男は太く、女は細く


170.1センチ、69.8キロ、25


40歳代男性の平均値らしい。身長、体重とBMI値(=体重÷身長÷身長)である(毎日新聞2007年10月7日朝刊)。40代女性となると身長157.1センチ、体重52.8キロとなっている。この手の数値で大切なのは、経年変化である。その変化には明らかな傾向が見られる。


すなわち男性は太く、女性は細くなっているのだ。あるいは、こう言い換えてもよいのではないか。「男性は醜く、女性は美しく」。もちろんこうした美醜の基準はところ変われば変わるものだし、時代によっても大きく異なる。だから一概にでぶっちょになるのが醜くなることであり、逆にスリムになるのが美しいとは必ずしもいえない。

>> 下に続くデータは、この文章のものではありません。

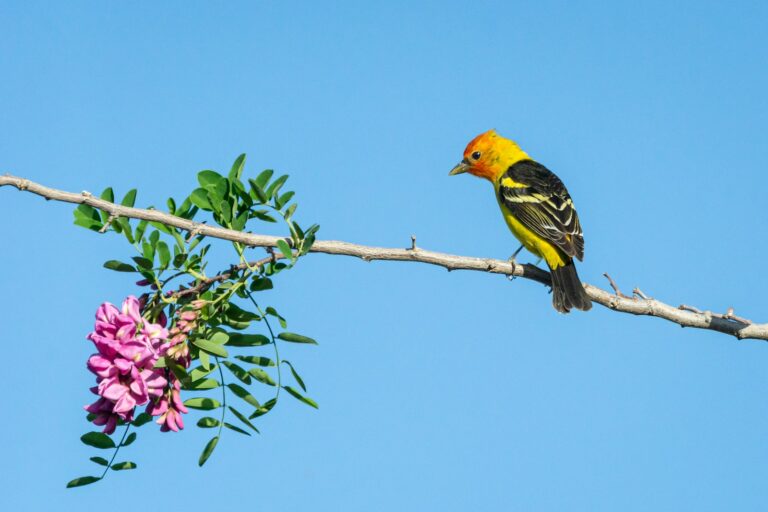 A Western Tanager with an orange head and yellow body perches on a flowered branch.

が、少なくとも現時点での美醜感覚で言えば太い=醜い、細い=美しいといっても差し支えはないと思う。そこで問題は、なぜそうなってきたのかである。


自然界の動物たちは基本的にメスよりもオスの方が美しい。これが相場だ。クジャクが典型的であり、ライオンもそう。なぜかといえば動物界ではオスがメスを引き寄せることになっているからだ。そのためにオスはできるだけ美しく、派手な姿をして目だつ必要がある(ということらしい。たぶん、どこかでそんな解説を聞いたことがある)。


という動物界のベーシックなルールをそのまま人間に当てはめることには多分に無理があるのだが、少なくともこれまえは男女間で明らかな美醜の違いはなかったはずだ。男女のどちらかが一方的に醜化する傾向などはまったくなかったといえるだろう。ところが少なくともこの12年間の変化には、明らかな傾向が出ている。この間に一体何が変わったのだろうか。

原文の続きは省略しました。